The Last Spike for the Canadian Pacific Railway, 1885
There is no better example in the world of the importance of a well-functioning public transportation infrastructure than Canada. It is a country that was knit together by that very thing. Indeed, it’s fair to say Canada might not exist as coast-to-coast nation it now is – or at all, perhaps – if the Canadian Pacific Railway hadn’t been built 133 years ago.
It was a remarkable achievement for a brand, new country of a few million people in the face of a huge geographic challenge. In 1867, the year Canada was formed, British Columbia, Britain’s west-coast colony north of the 45th parallel international boundary with the U.S., was not included. But Canada promised to build a transcontinental railroad, if B.C. joined the Confederation, which it did in 1871.
Construction was delayed by political controversy and a change in government. But the return of a Conservative government with John A. MacDonald as Prime Minister got things moving, with the eventual help of millions of public dollars.

Thousands of Chinese labourers were brought to Canada to help build the CPR, and, therefore, the country.

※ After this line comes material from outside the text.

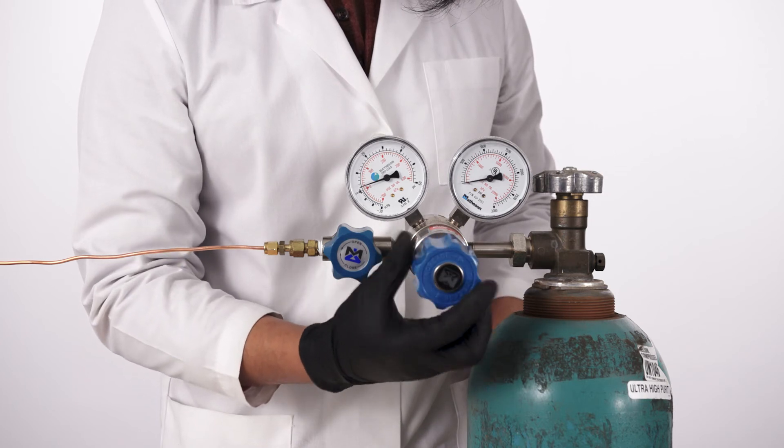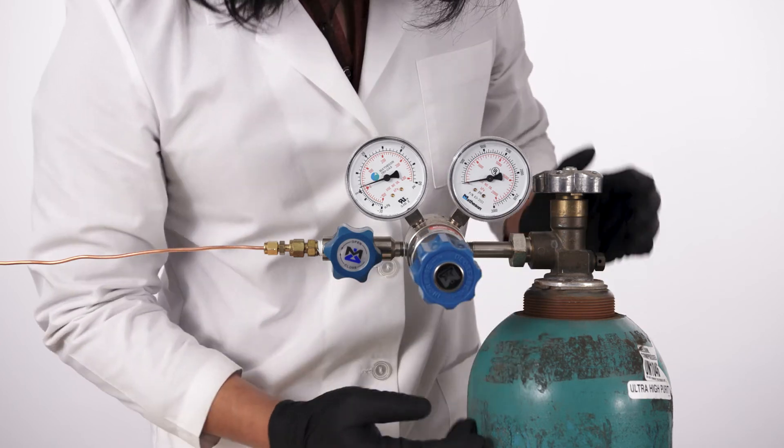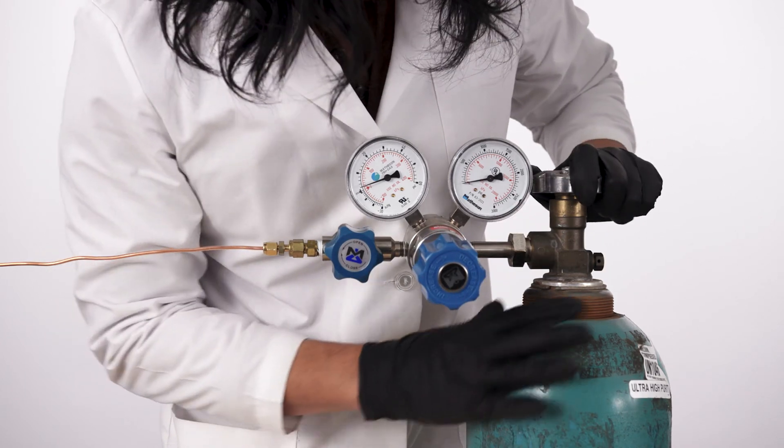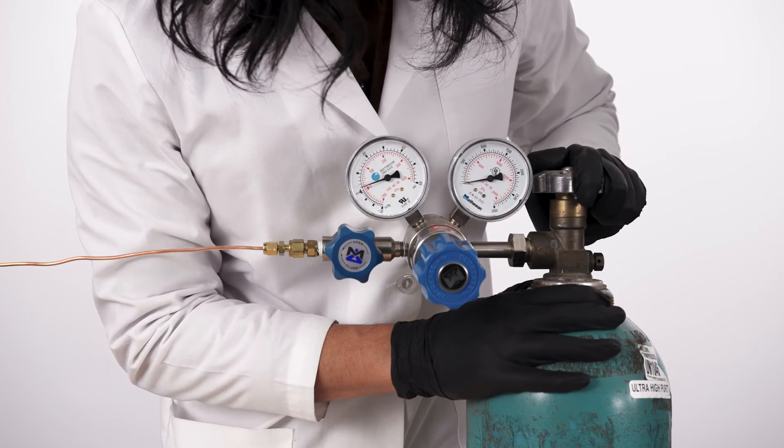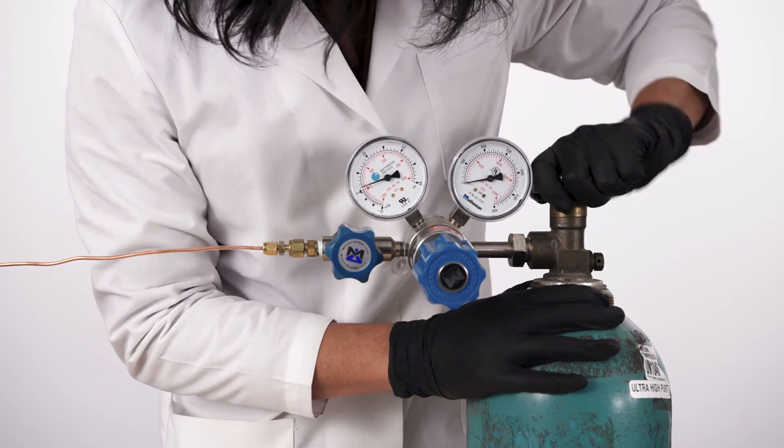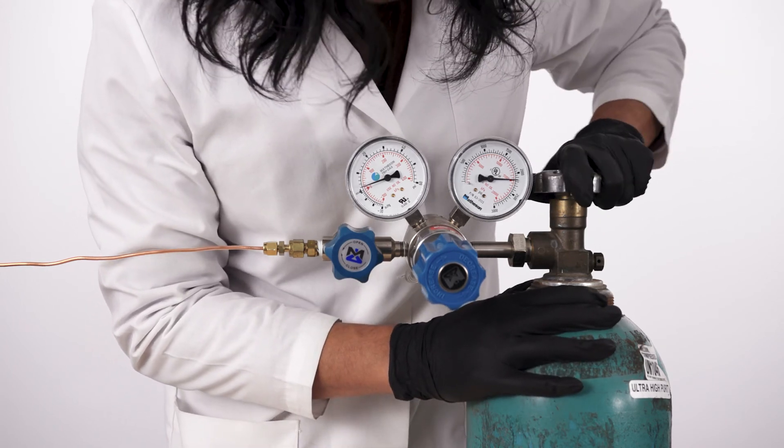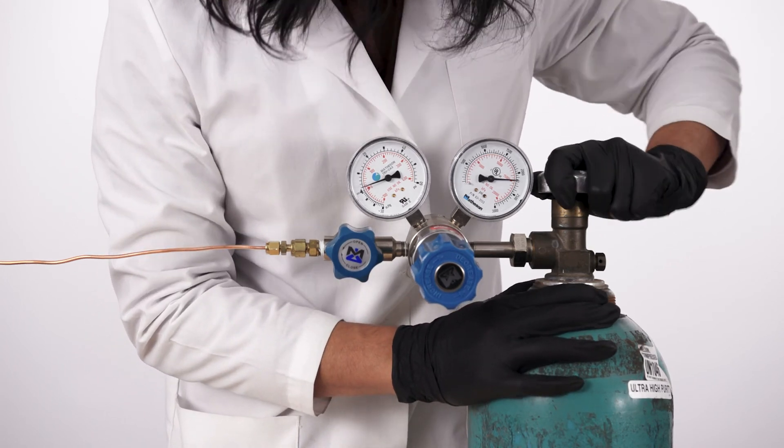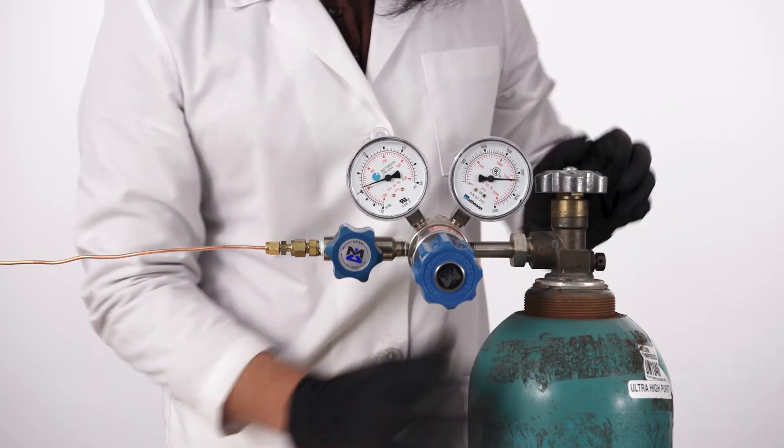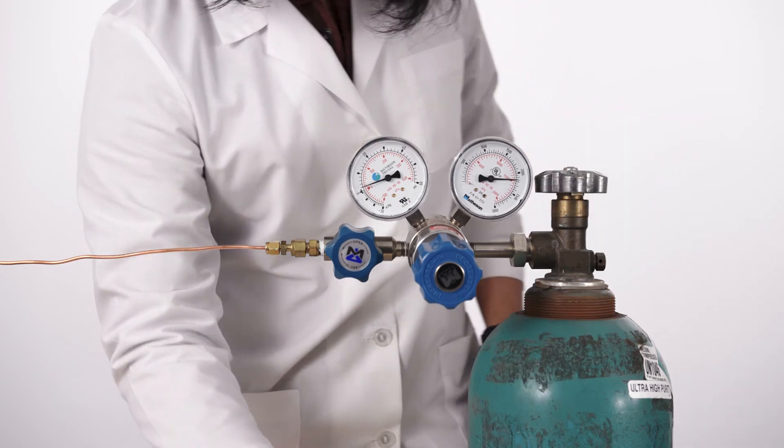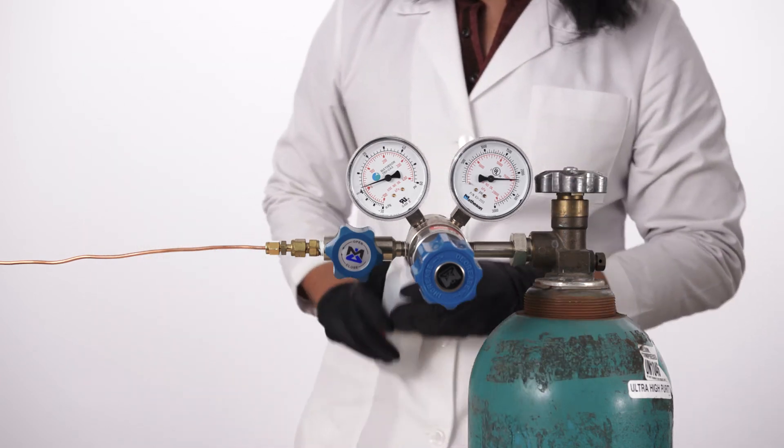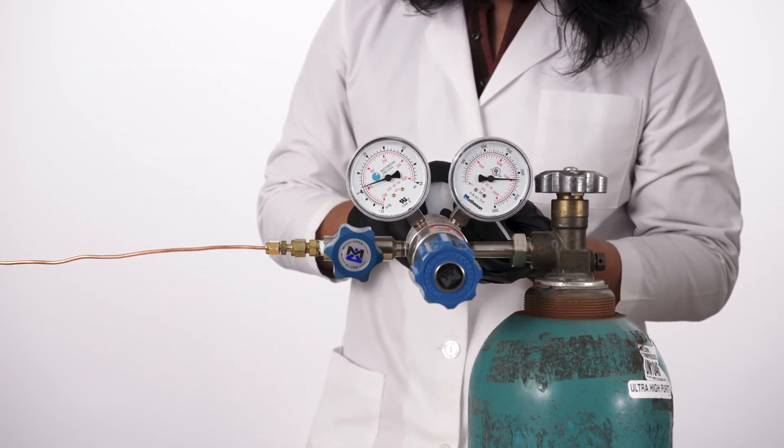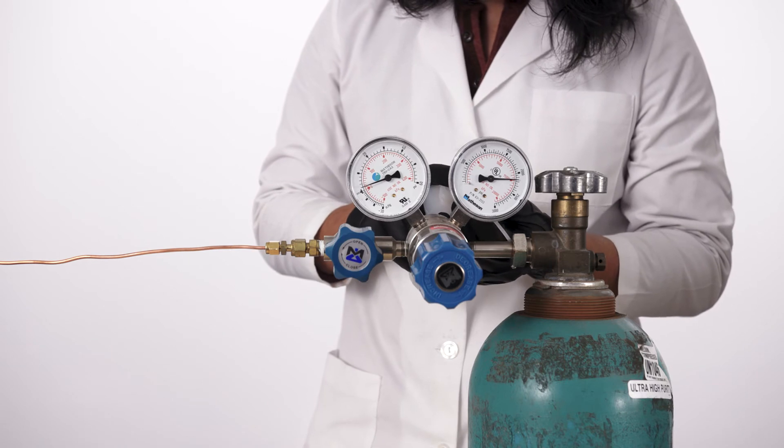Turn on the main gas cylinder shutoff valve briefly to pressurize the regulator, then close it once the high-pressure gauge can take a reading. The high-pressure gauge should read greater than 500 PSIG. Apply SNOOP on the connection between the regulator to the gas cylinder.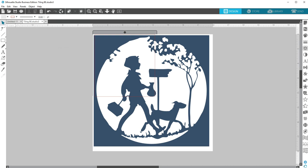The Silhouette Studio Business Edition provides an automated tiling feature, which is available only in the Business Edition's Media Layout mode. The tiling feature provides a method by which a larger job can be cut into a series of smaller tiles. Those tiles can then be assembled after the cutting process is complete to create the finished large-scale design.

Thousands of Chinese labourers were hired to help build the most difficult, Rocky Mountain section, and hundreds died in dreadful working conditions. The last spike was finally driven in 1885.
In the decades that followed an extensive network of rail services connected the towns and cities of the fast-growing country. At one time Canada had more miles of freight and passenger, railroad track than any country in the world.
However, as the end of the 20th century approached, much of that track was abandoned as economically unviable. For a while, highway bus transit took up the passenger slack, in southern Ontario, for example. But that too suffered the same fate. Meanwhile, fiscal conservative political thinking made government investment in public transportation less likely. By the second decade of this century public transportation to and from parts of rural Ontario was in big trouble.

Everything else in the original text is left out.